But all those things take time that is not spent running your program. On average, you can do pretty well. But it's still overhead. As you get farther along in your JIT, optimization algorithms get trickier and trickier, your heuristics, more complex. You will eventually hit the wall, and need to spend more time doing JIT'ing than doing real work to make optimizations to some code. This happens to every single JIT, of course. This is why they try to figure out which code to optimize. But even then, you may find there is too much of it.

Because of this, the languages are slower, it's just the overhead of better JIT algorithms, not slower code. In practice, you hope that you can optimize enough code well enough that nobody cares, because the ruby code takes 8ms, and the C code takes 5ms.

For example: Almost all of the allocations and copying can be optimized, but depending on the language, the algorithms to figure out what you can do safely may be N^3.

Also, PyPy is still pretty young in its life cycle (in this iteration of PyPy:P) for folks to say that they can make stuff much faster if they only had a few things. It really needs a very large set of production apps being rin by a very large set of folks for quite a while to see where the real bottlenecks still are. Past a certain point, you run out of optimization algorithm bullets. The way compilers get the last 20% is by tuning the algorithms for 10 years.

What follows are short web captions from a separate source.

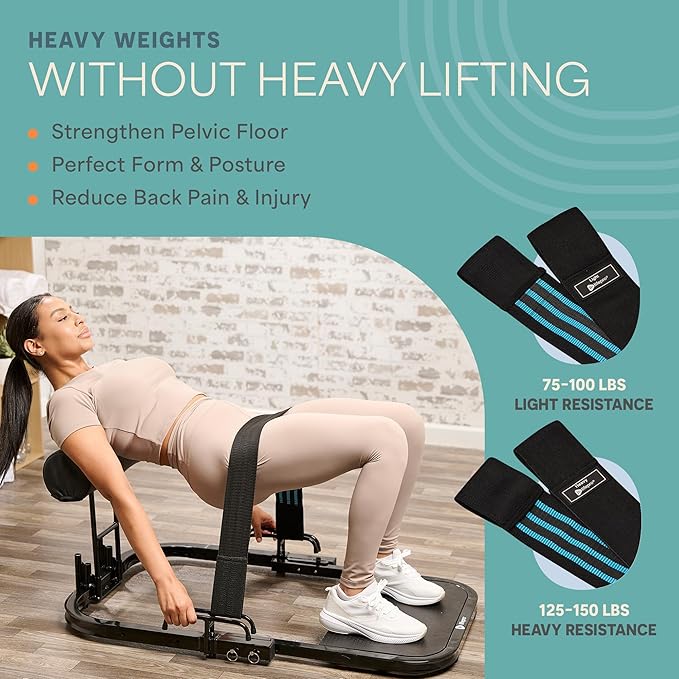 Lifepro Hip Thrust Machine – Adjustable Glutes Workout Equipment for Home – GluteBlast Foldable Booty Builder, Sissy Squat Machine, Thrust Glute Bench, Home Gym Glute Workout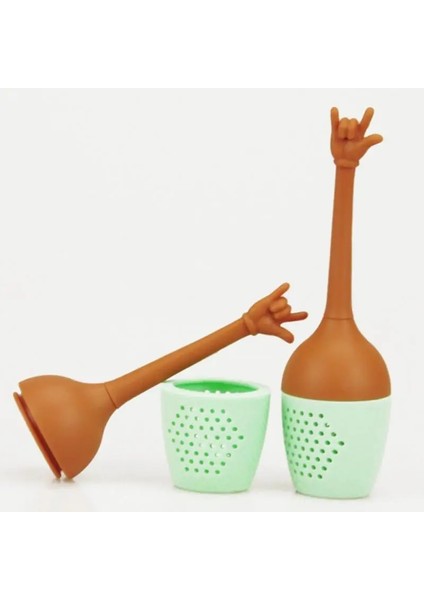 Tamam Stil Çay Süzgeci Silikon Gevşek Yaprak Bitkisel Baharat Tutucu Çay Demleme Araçları Komik El Hareketleri Çay Demlik Çay Süzgeç Fda Sınıfı (Yurt Dışından) fırsatları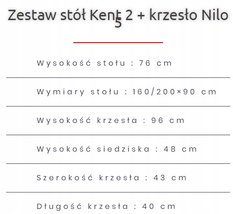 Zestaw do jadalni stół KENT 160/200x90 cm rozkładany + 6 krzeseł NILO orzech - Miniaturka zdjęcia nr 4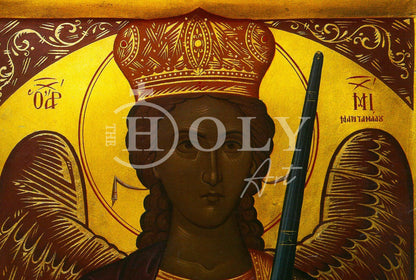 Archangel Michael icon, Handmade Greek Orthodox icon of St Michael, Byzantine art wall hanging on wood plaque religious icon, religious gift - TheHolyArt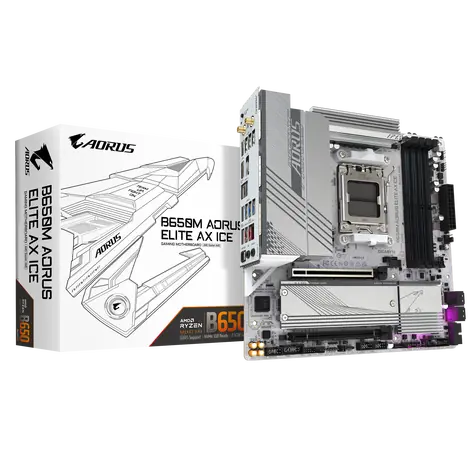 GIGABYTE B650M Aorus Elite AX ICE / B650 / AM5 / 4x DDR5 / PCIEx16 / 2.5GLAN / mATX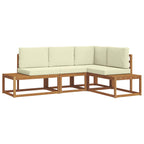 vidaXL Outdoor-Sofagarnitur mit Kissen 4 Stück Natur und Creme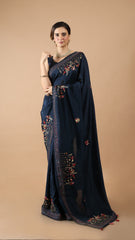 Maya Midnight Blue Upara Threadwork Saree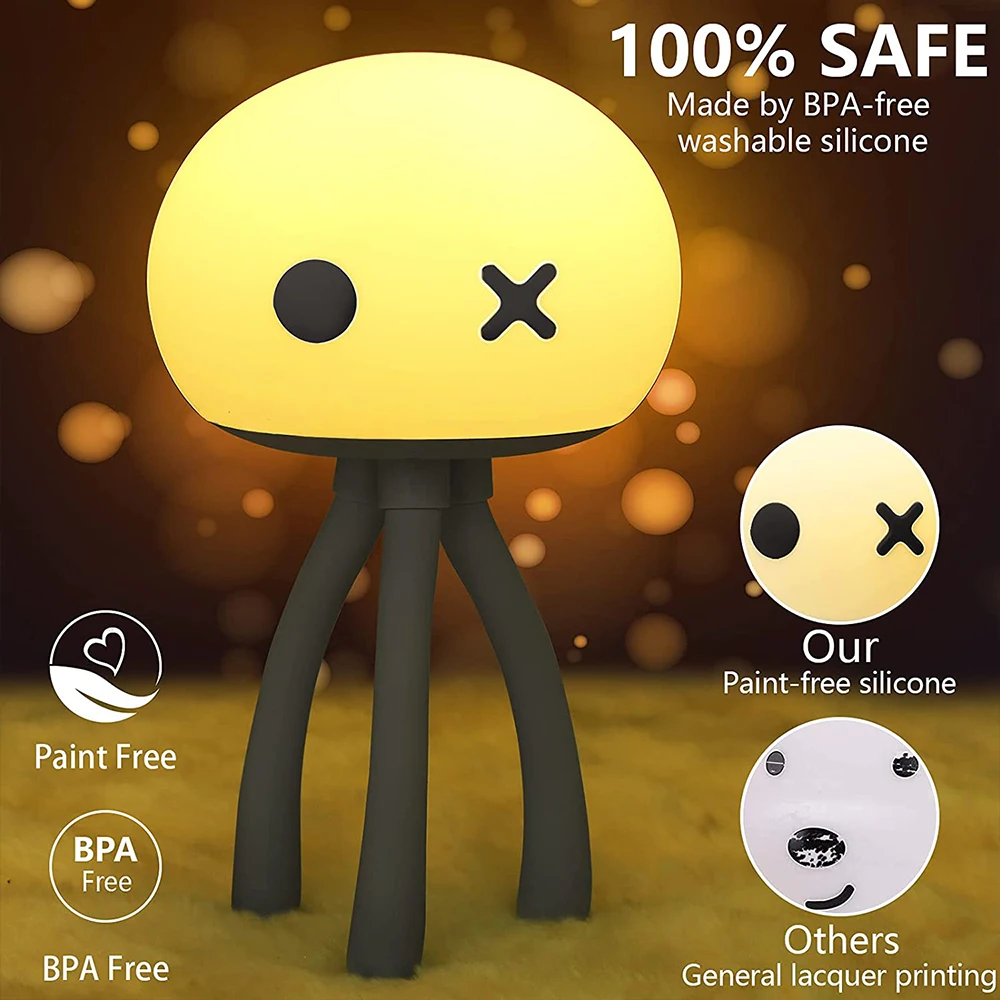 Ночник Jellyfish с USB-зарядкой и регулируемой яркостью светильник детский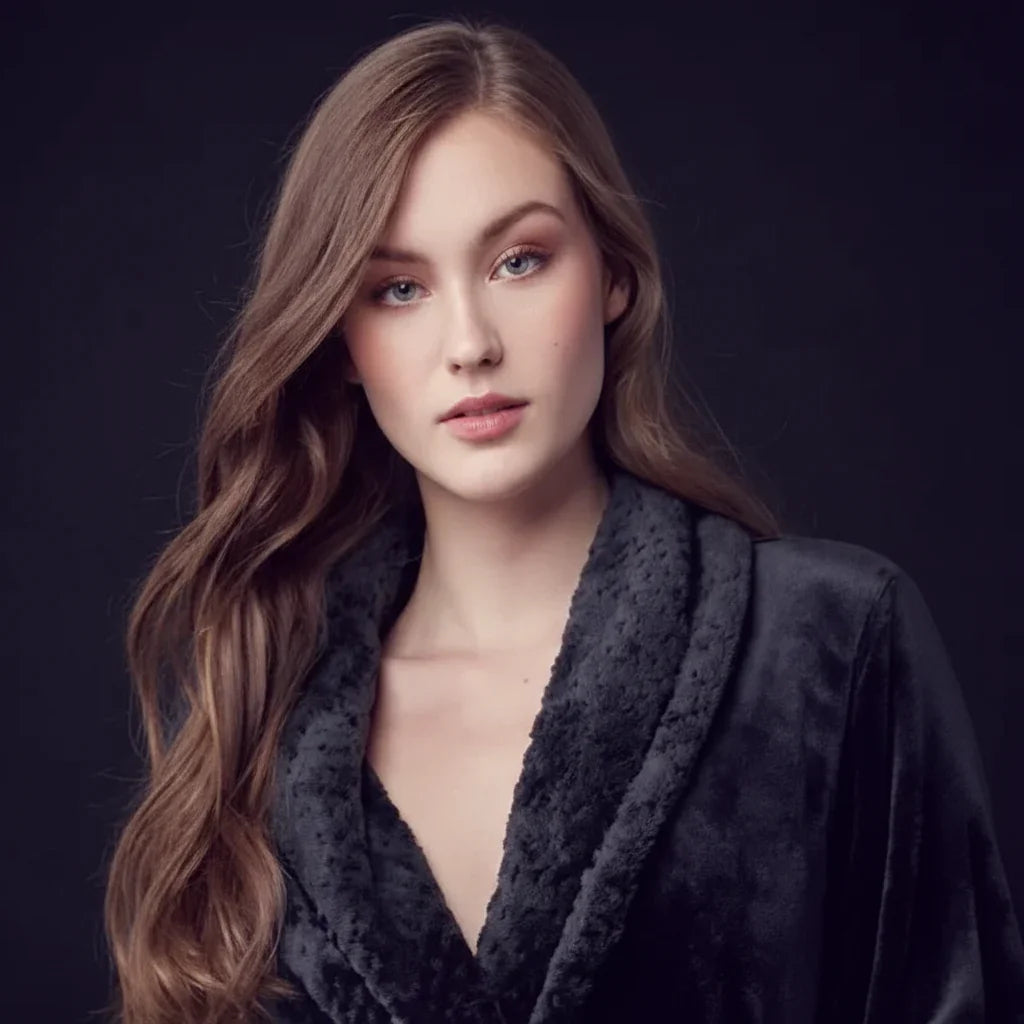 Front view of a small black women's plush bathrobe from Plush Fashion Hub, showing soft, cozy fabric and relaxed fit.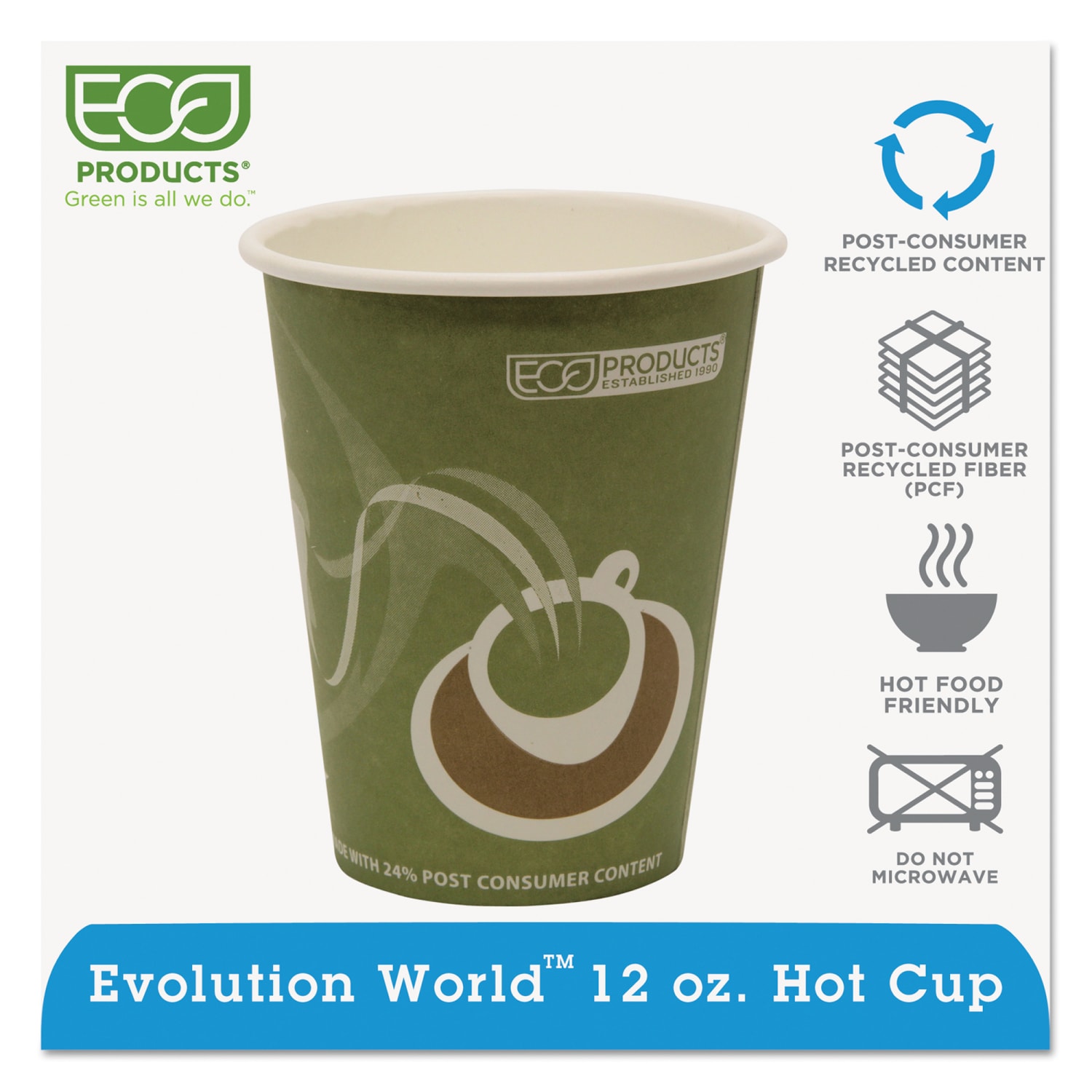 Eco-Products Evolution World PCF Hot Cups, 12 Oz, Sea Green, Pack Of 1,000 - Image 3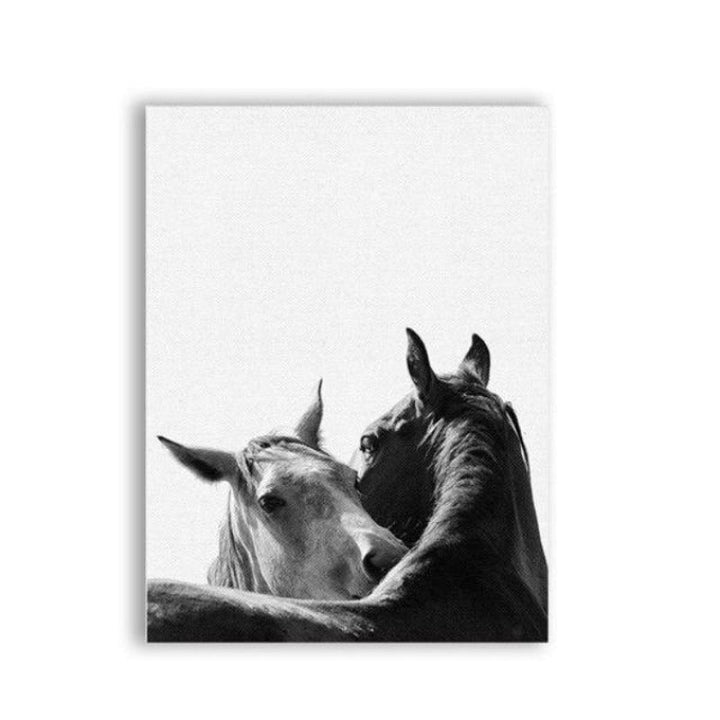 Simplistic Black & White Horses - Canvas Wall Art Painting | Bowlift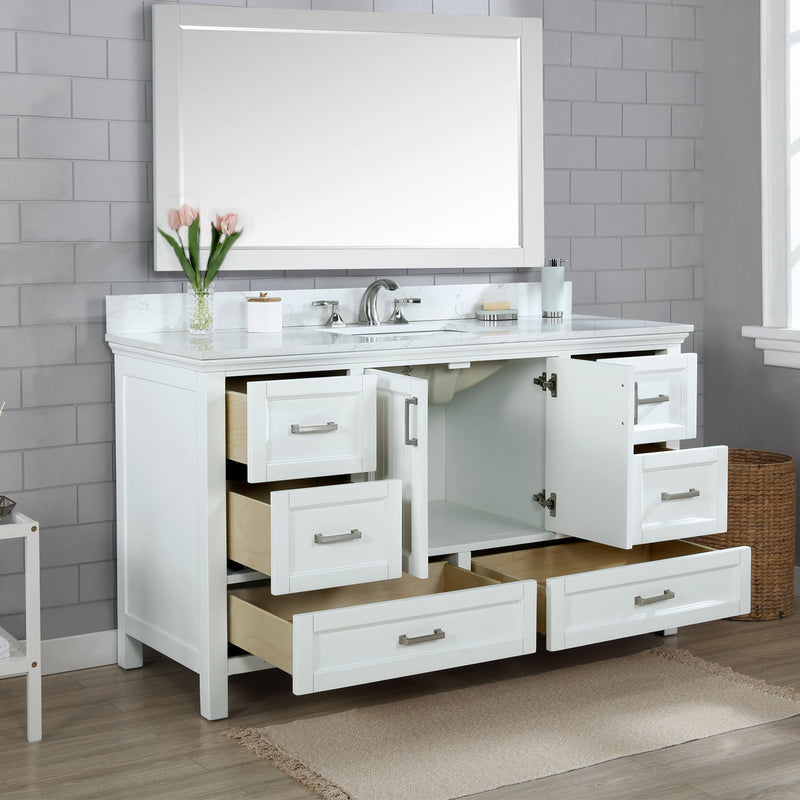 Altair Designs Isla 60" Single Bathroom Vanity Set with White Composite Aosta Marble Countertop - 538060S-WH-AW-NM - Backyard Provider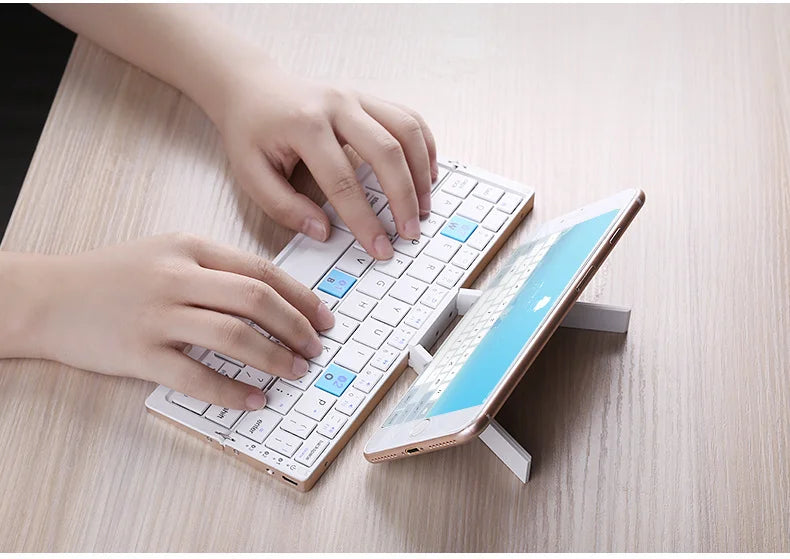 Mini Folding Bluetooth Keyboard Wireless Keypad Support3 Devices With Stand Rechargeable Foldable Keyboard for Phone Tablet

Of course, i'm not trying to slag on PyPy, I think they've done an amazing job of persevering through multiple rewrites to get somewhere that seems to be quite good now. I just am a little wary of a fairly young JIT saying that all big performance problems fall into a few categories.

6 comments

Interesting point of view, the problem in compiler construction is well known ("Proebsting's law", though it says it's more like 18 years instead of 10.)

The issue with benchmarks is surely well known, also by the PyPy authors; I wonder what the biggest application is that they have benchmarked or that runs on PyPy.

Your point on the JIT compiler interrupting program execution is certainly valid, too, but not necessarily so. One could easily do the code generation in a separate background thread and let execution switch over only if necessary. But, as you have already said, a latency issue certainly exists. This is one of the cases where interpreters usually have a leg up, and there are promising ways of optimizing interpreters.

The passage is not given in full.